The records are to be copied from the line that contains "8 Inch Ceramic" through their last line, word for word, with every picture left out.

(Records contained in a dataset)
# # #
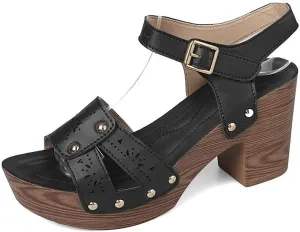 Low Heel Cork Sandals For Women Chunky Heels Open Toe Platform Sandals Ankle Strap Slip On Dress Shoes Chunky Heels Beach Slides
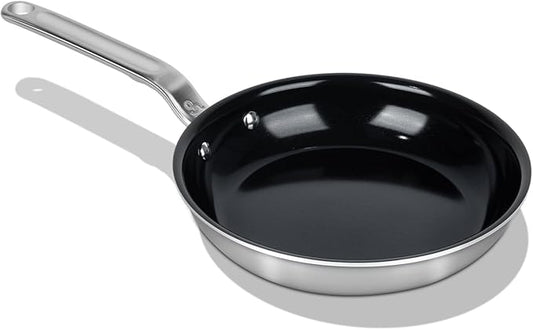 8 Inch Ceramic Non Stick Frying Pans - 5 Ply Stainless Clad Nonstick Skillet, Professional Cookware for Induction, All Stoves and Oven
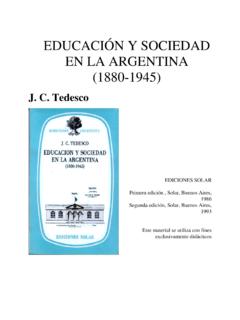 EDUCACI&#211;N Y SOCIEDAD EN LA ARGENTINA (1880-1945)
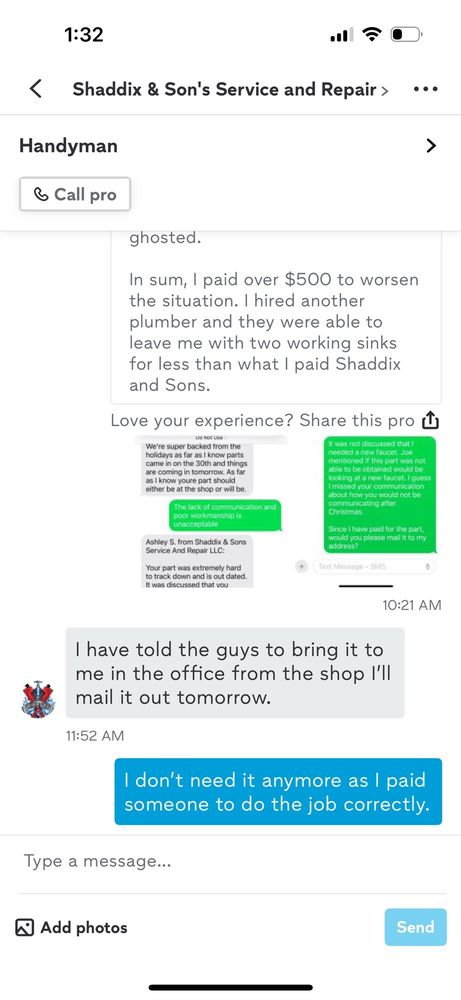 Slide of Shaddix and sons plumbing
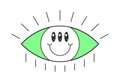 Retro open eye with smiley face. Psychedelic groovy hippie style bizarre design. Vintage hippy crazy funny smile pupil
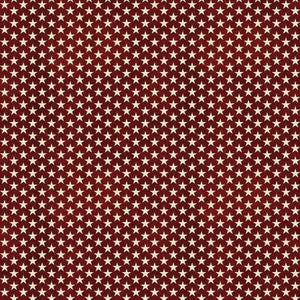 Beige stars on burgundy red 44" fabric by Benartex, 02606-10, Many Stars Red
# # #
• **Answer space**
 8 Inch Ceramic Non Stick Frying Pans - 5 Ply Stainless Clad Nonstick Skillet, Professional Cookware for Induction, All Stoves and Oven
 EDUCACI&#211;N Y SOCIEDAD EN LA ARGENTINA (1880-1945)
 Slide of Shaddix and sons plumbing
 Retro open eye with smiley face. Psychedelic groovy hippie style bizarre design. Vintage hippy crazy funny smile pupil
 Beige stars on burgundy red 44" fabric by Benartex, 02606-10, Many Stars Red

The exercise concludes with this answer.